Short descriptive text snippets
▽

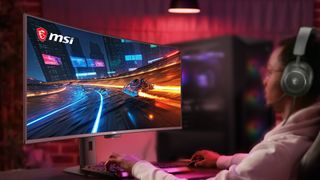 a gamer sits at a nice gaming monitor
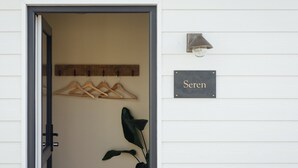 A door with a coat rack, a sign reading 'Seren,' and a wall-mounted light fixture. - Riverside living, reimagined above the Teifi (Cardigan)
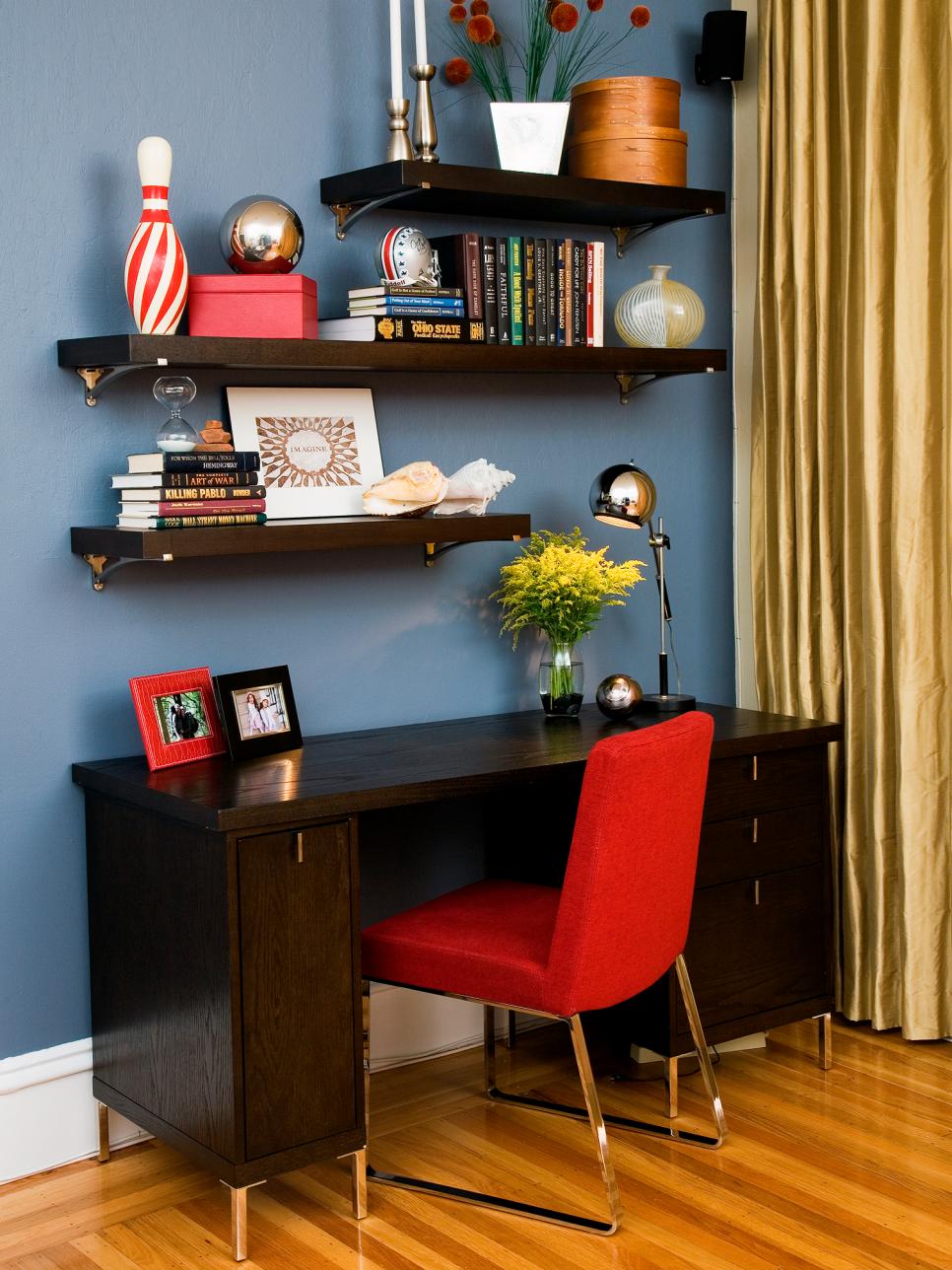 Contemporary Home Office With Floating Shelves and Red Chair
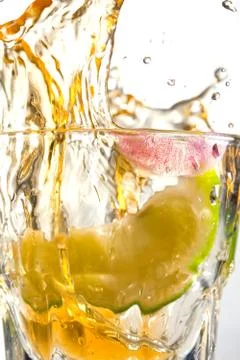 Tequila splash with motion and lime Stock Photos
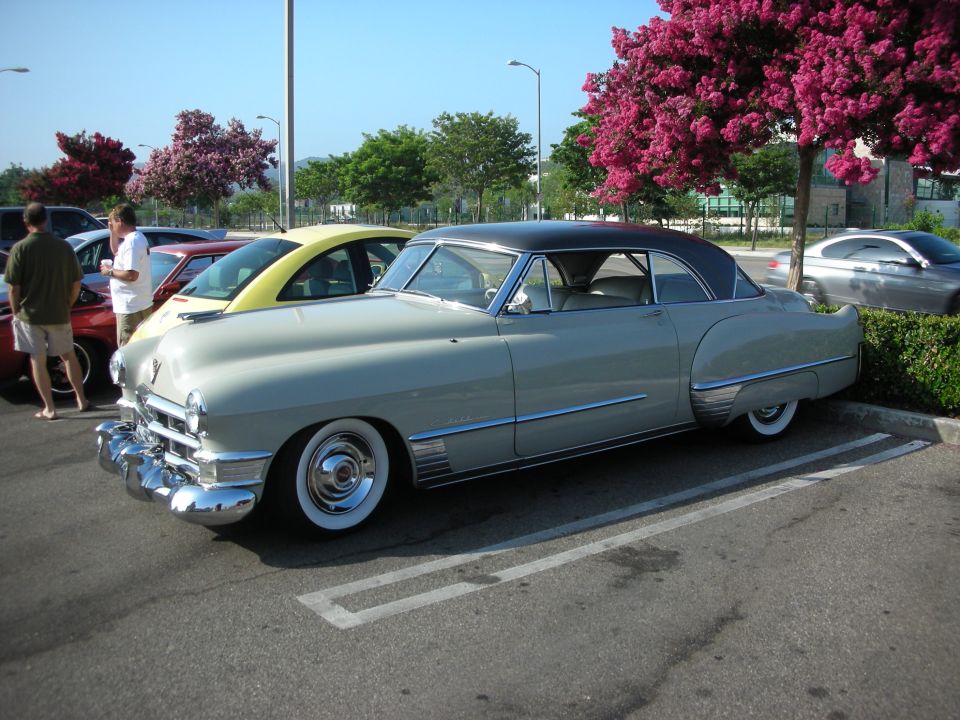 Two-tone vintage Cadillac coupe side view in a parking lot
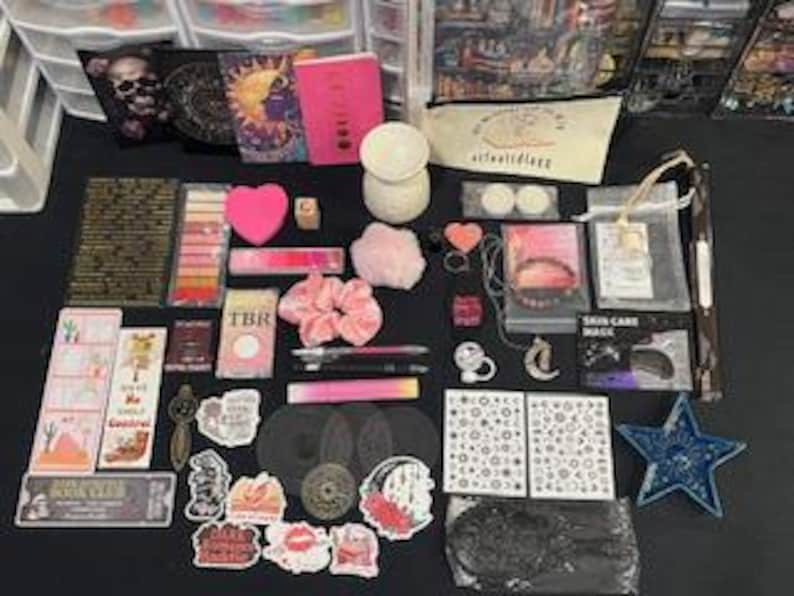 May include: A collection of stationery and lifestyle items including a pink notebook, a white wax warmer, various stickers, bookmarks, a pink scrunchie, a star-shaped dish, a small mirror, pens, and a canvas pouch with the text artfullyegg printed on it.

△

- _WHAT THE EXERCISE ASKS_
What is needed is an exact transcription of every entry, minus the pictures.

- _WRITTEN REPLY_
 a gamer sits at a nice gaming monitor
 A door with a coat rack, a sign reading 'Seren,' and a wall-mounted light fixture. - Riverside living, reimagined above the Teifi (Cardigan)
 Contemporary Home Office With Floating Shelves and Red Chair
 Tequila splash with motion and lime Stock Photos
 Two-tone vintage Cadillac coupe side view in a parking lot
 May include: A collection of stationery and lifestyle items including a pink notebook, a white wax warmer, various stickers, bookmarks, a pink scrunchie, a star-shaped dish, a small mirror, pens, and a canvas pouch with the text artfullyegg printed on it.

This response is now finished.